**EXERCISE GOAL:** Using the listing below, copy exactly the lines from the one containing "Garvee 12FT Pop-Up" to the one containing "Tommy Hilfiger Mens", both lines included, and no others.

··· GIVEN INFORMATION ···

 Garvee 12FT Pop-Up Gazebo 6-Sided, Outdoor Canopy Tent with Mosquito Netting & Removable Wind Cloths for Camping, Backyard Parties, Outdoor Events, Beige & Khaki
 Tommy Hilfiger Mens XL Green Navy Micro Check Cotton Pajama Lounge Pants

···
··· GIVEN INFORMATION ···

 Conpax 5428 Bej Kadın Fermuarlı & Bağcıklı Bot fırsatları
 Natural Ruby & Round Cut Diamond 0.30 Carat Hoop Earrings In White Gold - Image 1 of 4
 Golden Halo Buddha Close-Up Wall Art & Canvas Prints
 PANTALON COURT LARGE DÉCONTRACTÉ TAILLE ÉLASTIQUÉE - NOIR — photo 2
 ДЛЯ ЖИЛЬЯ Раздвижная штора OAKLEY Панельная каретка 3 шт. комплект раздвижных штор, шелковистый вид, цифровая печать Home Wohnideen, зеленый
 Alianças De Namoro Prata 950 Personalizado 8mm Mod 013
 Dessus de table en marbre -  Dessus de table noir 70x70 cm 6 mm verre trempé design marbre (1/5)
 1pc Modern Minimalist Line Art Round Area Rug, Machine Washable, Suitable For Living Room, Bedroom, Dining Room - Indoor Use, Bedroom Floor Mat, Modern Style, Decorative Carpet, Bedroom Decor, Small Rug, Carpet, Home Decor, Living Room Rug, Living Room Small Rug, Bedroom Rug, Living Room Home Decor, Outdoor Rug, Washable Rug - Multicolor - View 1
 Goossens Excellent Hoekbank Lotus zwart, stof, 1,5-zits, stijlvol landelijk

···

**EXERCISE SOLUTION:**
 Garvee 12FT Pop-Up Gazebo 6-Sided, Outdoor Canopy Tent with Mosquito Netting & Removable Wind Cloths for Camping, Backyard Parties, Outdoor Events, Beige & Khaki
 Tommy Hilfiger Mens XL Green Navy Micro Check Cotton Pajama Lounge Pants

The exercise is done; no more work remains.